What you will do
Which lines of the entries below run from the one holding "To create your" to the one holding "Then look for", inclusive? Set down exactly those lines and no others.

The data
● ● ● ● ●

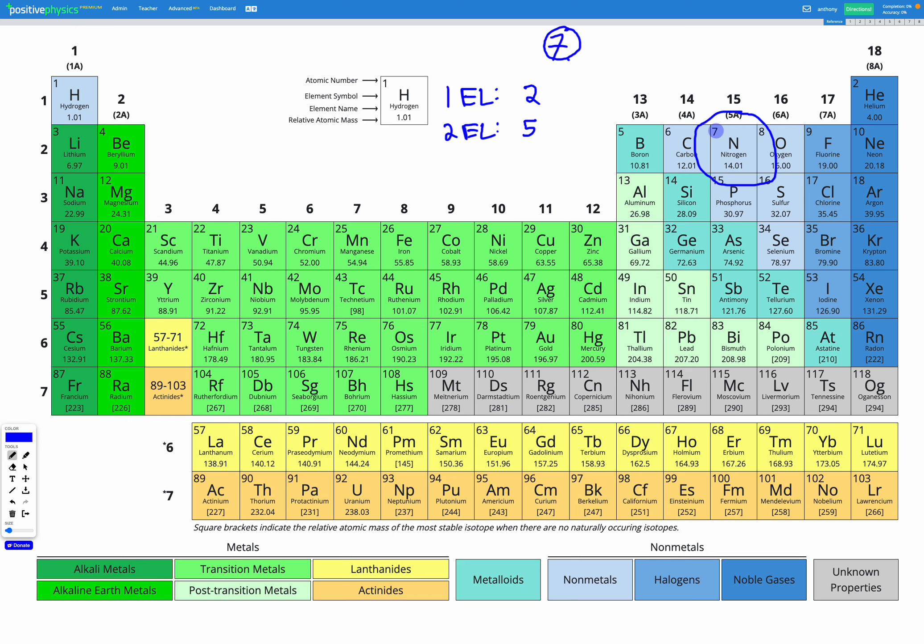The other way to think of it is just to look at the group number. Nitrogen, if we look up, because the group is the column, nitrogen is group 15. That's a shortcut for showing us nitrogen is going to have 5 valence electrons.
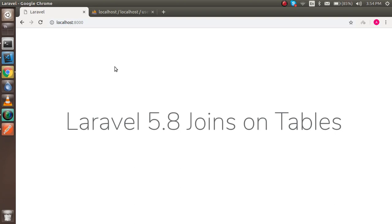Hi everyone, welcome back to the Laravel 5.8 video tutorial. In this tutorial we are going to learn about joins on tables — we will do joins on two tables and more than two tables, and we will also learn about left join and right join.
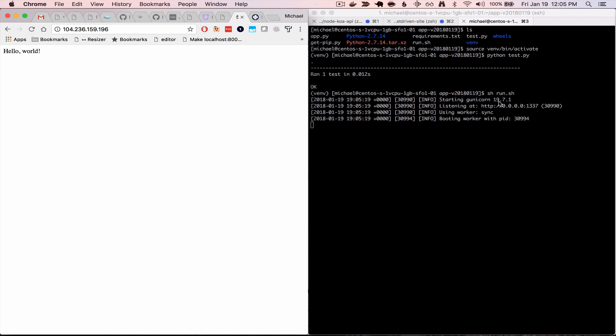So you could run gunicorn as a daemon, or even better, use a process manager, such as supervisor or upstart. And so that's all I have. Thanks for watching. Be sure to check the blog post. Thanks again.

● ● ● ● ●

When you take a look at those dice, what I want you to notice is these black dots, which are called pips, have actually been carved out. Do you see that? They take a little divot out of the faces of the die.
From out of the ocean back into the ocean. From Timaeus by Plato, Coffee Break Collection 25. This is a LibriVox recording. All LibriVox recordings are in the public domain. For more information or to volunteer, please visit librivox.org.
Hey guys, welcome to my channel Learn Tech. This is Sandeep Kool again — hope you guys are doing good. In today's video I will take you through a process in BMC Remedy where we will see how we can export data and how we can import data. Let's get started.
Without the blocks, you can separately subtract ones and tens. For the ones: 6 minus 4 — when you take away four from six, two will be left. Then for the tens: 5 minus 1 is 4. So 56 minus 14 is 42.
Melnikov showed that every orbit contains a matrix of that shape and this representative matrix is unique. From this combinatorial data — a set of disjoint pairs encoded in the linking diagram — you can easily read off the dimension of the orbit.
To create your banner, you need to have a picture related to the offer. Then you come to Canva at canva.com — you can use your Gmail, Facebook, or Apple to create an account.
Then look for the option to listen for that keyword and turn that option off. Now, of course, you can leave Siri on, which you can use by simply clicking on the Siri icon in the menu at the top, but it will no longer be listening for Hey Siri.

● ● ● ● ●

Your solution
To create your banner, you need to have a picture related to the offer. Then you come to Canva at canva.com — you can use your Gmail, Facebook, or Apple to create an account.
Then look for the option to listen for that keyword and turn that option off. Now, of course, you can leave Siri on, which you can use by simply clicking on the Siri icon in the menu at the top, but it will no longer be listening for Hey Siri.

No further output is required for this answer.